── Supplied material ──

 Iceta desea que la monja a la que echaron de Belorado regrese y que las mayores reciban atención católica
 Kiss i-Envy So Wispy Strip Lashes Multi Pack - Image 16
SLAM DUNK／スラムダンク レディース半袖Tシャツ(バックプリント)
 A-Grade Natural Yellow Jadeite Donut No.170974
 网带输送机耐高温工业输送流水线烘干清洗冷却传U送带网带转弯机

───
── Supplied material ──

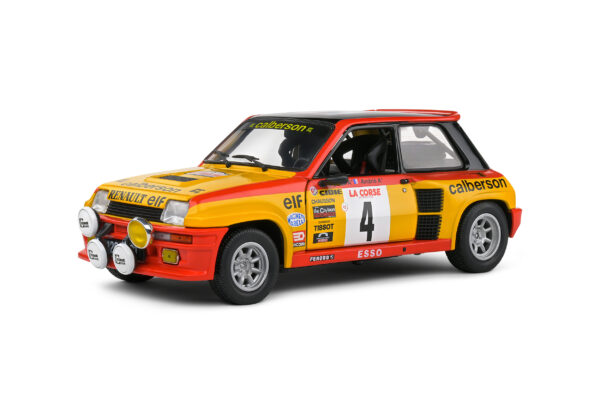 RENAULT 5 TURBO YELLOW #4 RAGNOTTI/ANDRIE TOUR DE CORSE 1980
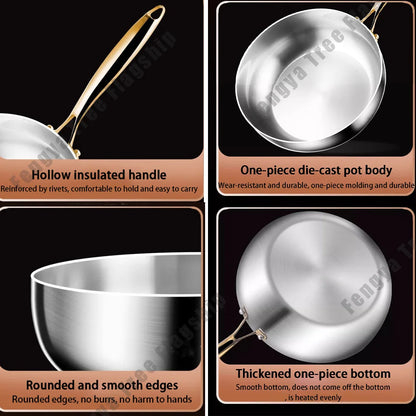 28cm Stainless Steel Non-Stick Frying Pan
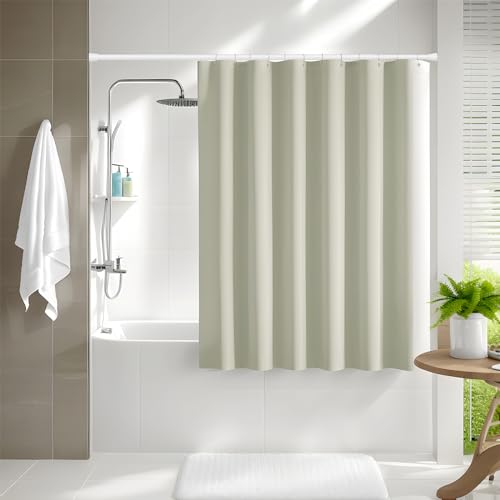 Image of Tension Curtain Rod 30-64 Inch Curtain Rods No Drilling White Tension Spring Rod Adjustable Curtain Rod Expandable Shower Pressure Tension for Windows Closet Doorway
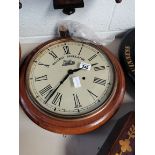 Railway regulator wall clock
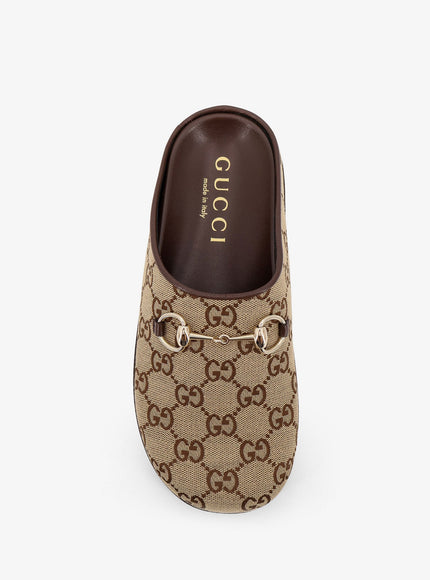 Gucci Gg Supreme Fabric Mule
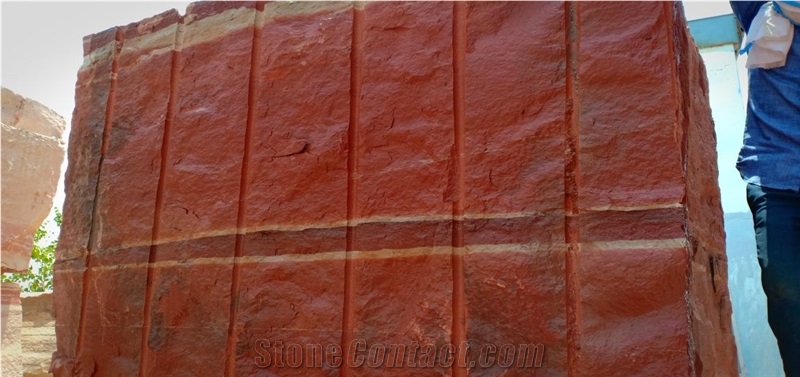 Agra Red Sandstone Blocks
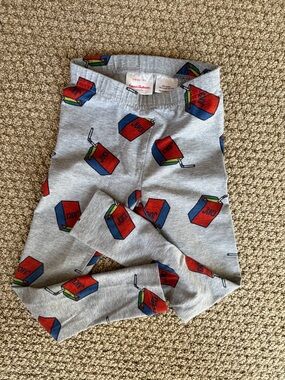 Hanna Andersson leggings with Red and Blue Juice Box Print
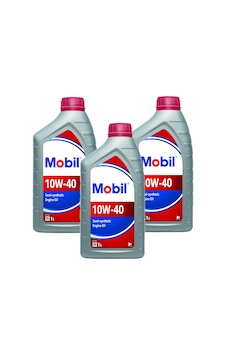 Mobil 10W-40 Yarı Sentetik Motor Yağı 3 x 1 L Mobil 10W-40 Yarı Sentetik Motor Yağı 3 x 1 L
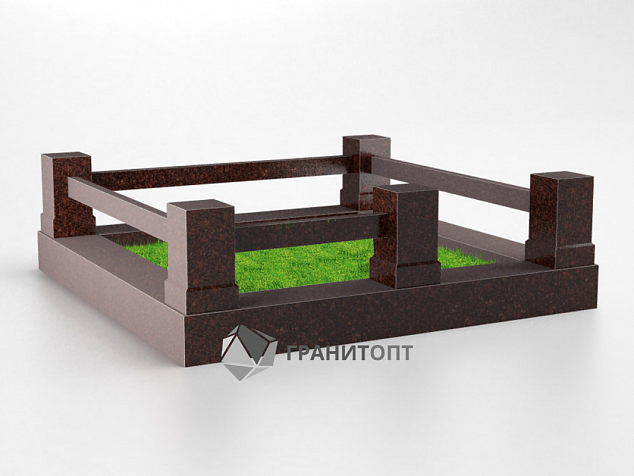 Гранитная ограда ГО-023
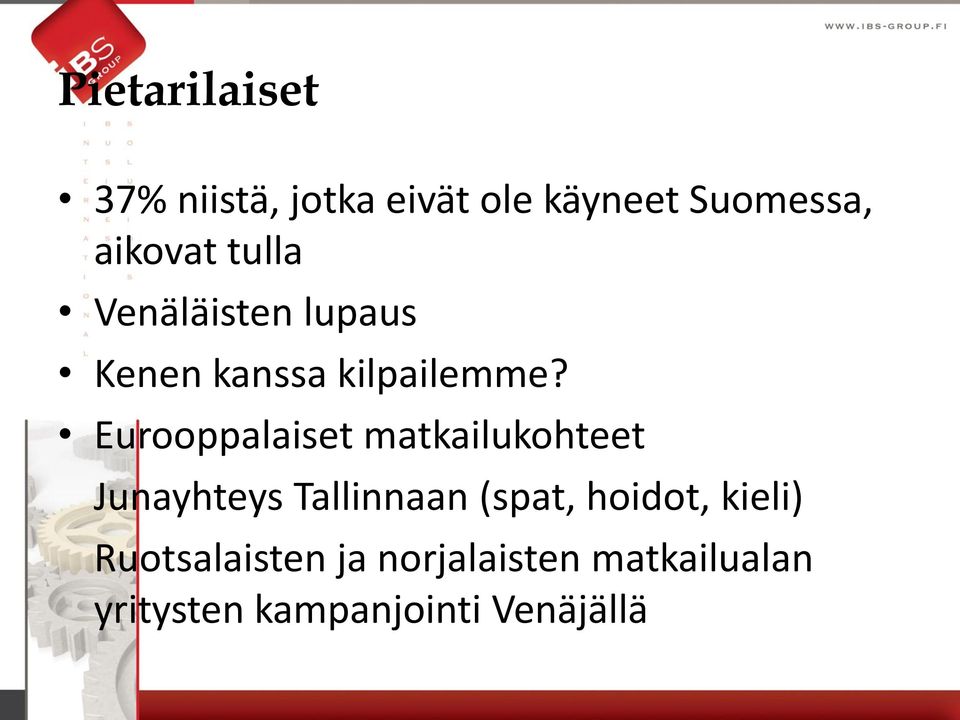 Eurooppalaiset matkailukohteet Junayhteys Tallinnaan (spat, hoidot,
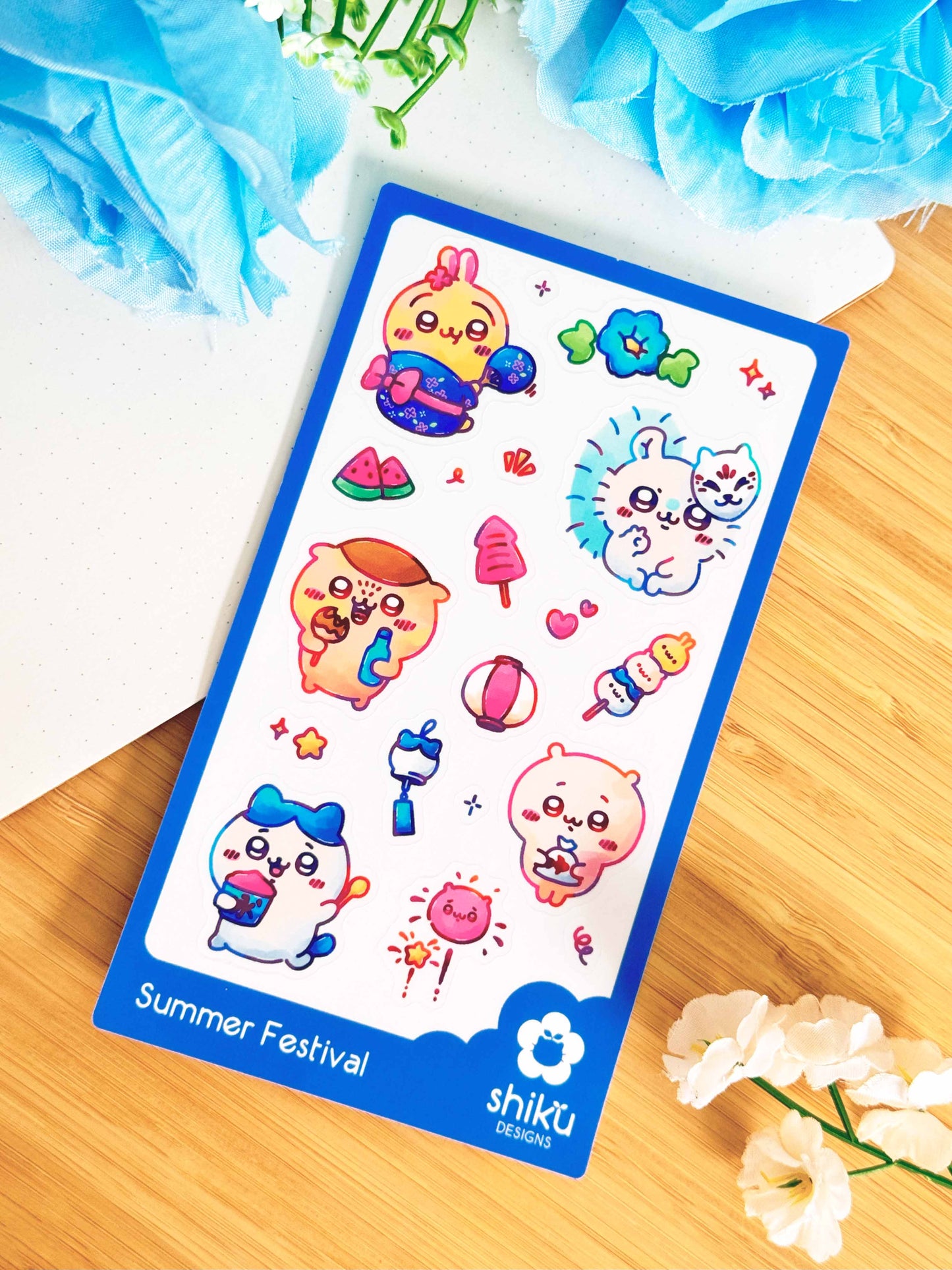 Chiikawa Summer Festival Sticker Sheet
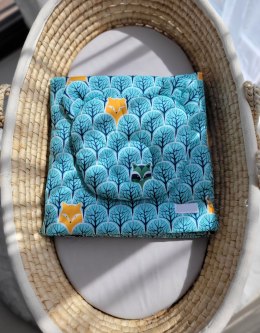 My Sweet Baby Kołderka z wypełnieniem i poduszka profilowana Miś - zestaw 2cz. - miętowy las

───
── Supplied material ──

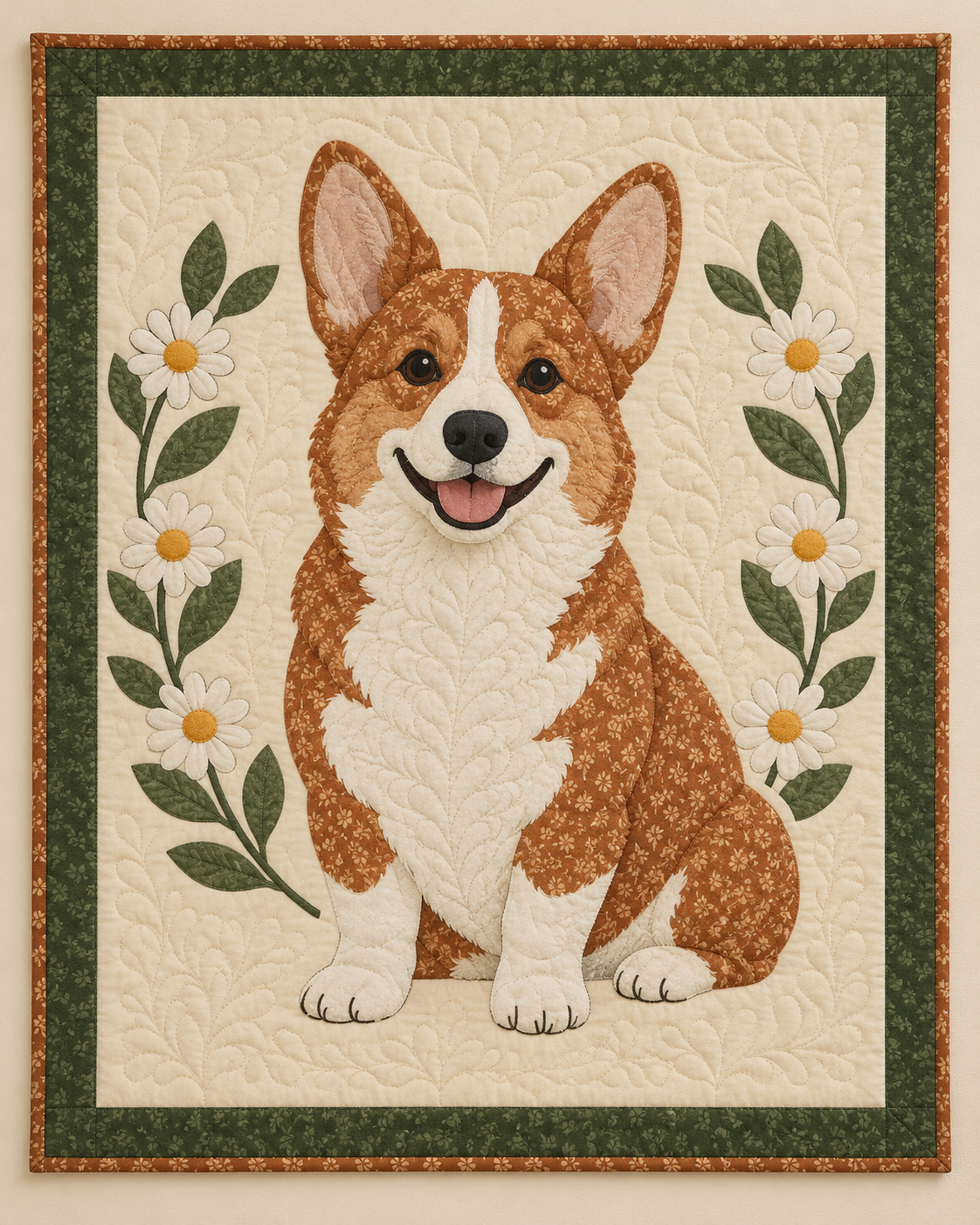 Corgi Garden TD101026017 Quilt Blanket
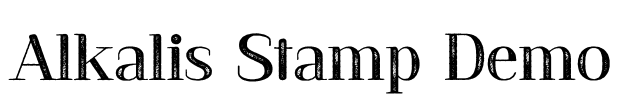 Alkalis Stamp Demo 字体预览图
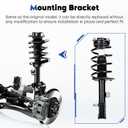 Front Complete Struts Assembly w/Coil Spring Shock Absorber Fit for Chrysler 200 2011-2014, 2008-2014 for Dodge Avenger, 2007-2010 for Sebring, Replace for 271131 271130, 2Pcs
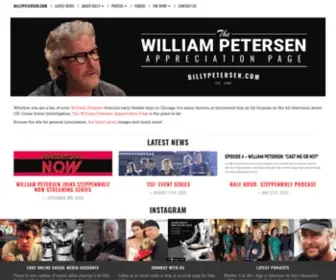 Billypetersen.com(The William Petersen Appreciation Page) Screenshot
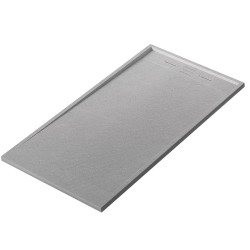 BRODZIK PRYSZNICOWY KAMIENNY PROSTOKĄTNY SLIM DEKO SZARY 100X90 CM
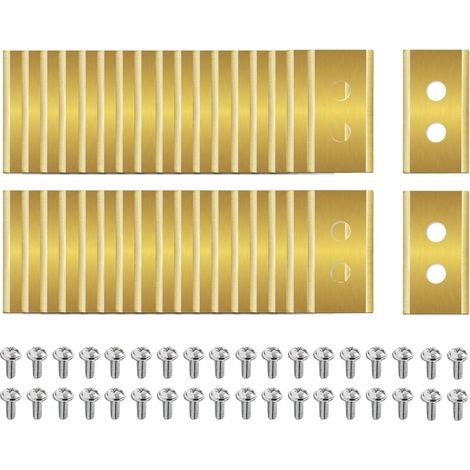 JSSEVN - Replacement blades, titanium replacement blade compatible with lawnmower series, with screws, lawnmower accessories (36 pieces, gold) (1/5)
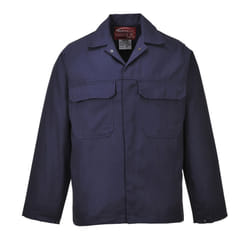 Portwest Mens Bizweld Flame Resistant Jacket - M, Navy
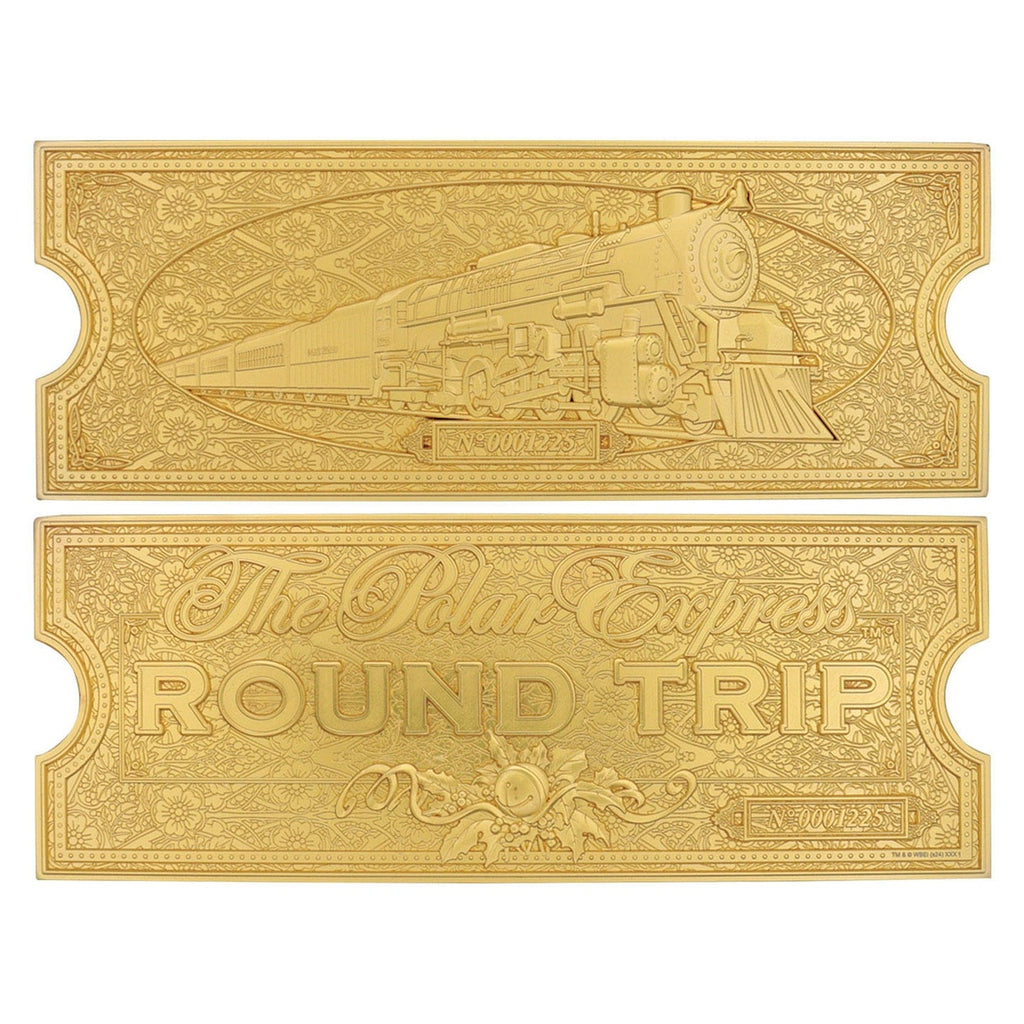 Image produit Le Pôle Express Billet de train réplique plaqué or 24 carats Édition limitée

───

**Assigned task**
Going by the entries above, repeat exactly the lines that start at the line with "BRODZIK PRYSZNICOWY KAMIENNY" and go on through the line with "Image produit Le". Pictures are not part of the copy.

**Exercise result**
 BRODZIK PRYSZNICOWY KAMIENNY PROSTOKĄTNY SLIM DEKO SZARY 100X90 CM
 JSSEVN - Replacement blades, titanium replacement blade compatible with lawnmower series, with screws, lawnmower accessories (36 pieces, gold) (1/5)
 Portwest Mens Bizweld Flame Resistant Jacket - M, Navy
 Image produit Le Pôle Express Billet de train réplique plaqué or 24 carats Édition limitée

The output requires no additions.